Это было сказано и верно и неверно: веселились и трезвые, потому что веселила молодость, красота моря, буйная сила плодородной земли. О революции вспоминали действительно не очень охотно, но среди этих людей активных революционеров почти не было. Жили интересами искусств и прежде всего литературы: все пробовали писать, читали друг другу рукописи, критиковали,
— Вы что всё молчите?
— Я мало читал, не всё понимаю, о чём говорят, что пишут, — отвечал он. — Стихоплёт этот похож на курицу, которая притворяется петухом. Вообще тут все какие-то блаженные, «иже во святых».
Первое время жизни на Капри природа юга Италии интересовала его больше, чем русская литература, и о природе он говорил с завистью, с удивлением, которое часто казалось очень похожим на возмущение.
— Вот бы сюда согнать орловских, а то — сибирских мужиков, посмотрели бы они на землю, на работу! Глядите, черти, здесь на голые камни земля корзинками натаскана, её лопатами пашут, а она круглый год апельсины родит, оливки, бобы. А у вас, там, земля: летом — чугунная сковорода, зимой — саван, под ним — одурь, болота, овраги, чорт её знает что!
И неожиданно он заключал:
— А вы, черти, в бога верите, в какой-то божий разум!
На эту тему он рассуждал часто и так решительно, так озлобленно, что казалось: он сам чувствует бога как силу действительно существующую, но бессмысленную и всегда, во всём враждебную мужику. Рассматривая голубые цветы каменоломки на серых, известковых скалах острова, он с негодованием ворчал:
— Вишь ты, как прёт, чорт её дери! Куда ни ткнись, — везде растёт что-нибудь! На железе расти может. Молочай кустами вырос, а — зачем он? Как насмешка всё это.
И вздыхал, встряхивая кудлатой головою:
— Наши тёмные черти работать здесь долго не привыкли бы! Передохли бы с натуги. Круглый год работать не под силу им. Приникли полгода на печи дрыхнуть.
Кажется, раза два он ездил в приморский городок Алляссио за Генуей; там жил Виктор Черной, человек настолько известный, что вспоминать о нём неприятно.

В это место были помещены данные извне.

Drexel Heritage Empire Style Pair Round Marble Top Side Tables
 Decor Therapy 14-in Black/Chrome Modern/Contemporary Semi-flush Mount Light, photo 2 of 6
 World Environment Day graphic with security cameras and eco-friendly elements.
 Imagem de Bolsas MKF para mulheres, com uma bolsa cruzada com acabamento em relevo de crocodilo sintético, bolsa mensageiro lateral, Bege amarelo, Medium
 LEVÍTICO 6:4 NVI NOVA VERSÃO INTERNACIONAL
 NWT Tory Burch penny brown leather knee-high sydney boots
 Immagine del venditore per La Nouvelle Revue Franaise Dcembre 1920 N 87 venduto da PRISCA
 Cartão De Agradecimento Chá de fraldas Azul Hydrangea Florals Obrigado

Ко мне он приходил чаще всего поздно вечером, а то — ночью «на огонёк»; придёт, сядет и, вздохнув, спросит:
— Не помешаю? Вы — работайте, я посижу молча.
Было ясно, что он тоскует, что ему трудно жить. Минуты через две он рассказывал, зажав руки в коленях, покачиваясь, встряхивая головой так, точно на ней была слишком тяжёлая шапка, рассказывал о курных избах орловских деревень, о мужиках, которые уходят в Донбасс, в шахтёры, а возвращаются оттуда, надорвав силы, уже не мужиками, не рабочими.
— Пьяницы, драчуны, жён калечат, ребятишек бьют — беда! Кричат бабам: «Ради вас, сволочей, раньше смерти под землёй живём!» Детей в школу не пускают: «Парнишка выучится, на мою же шею сядет учителем!» Это мне в глаза говорили.
Можно было думать, что плодотворные силы южной природы, изощряя его зависть и озлобление, делают Ивана пессимистом, мизантропом, но когда один из молодых литераторов стал назойливо доказывать ему наличие разума в природе, он угрюмо и твёрдо сказал:
— Ну, это вы — бросьте! Сегодня у вас — разум, а завтра будет — бог! А в бога верят только человеконенавистники, дворяне. Вот — Бунин в бога верит. Это — злая вера.
Его спросили:
— А вы во что верите?
— Ни во что, — ответил он; затем, потише, добавил: — В будущее верю. В человеческий разум. Другого — нет.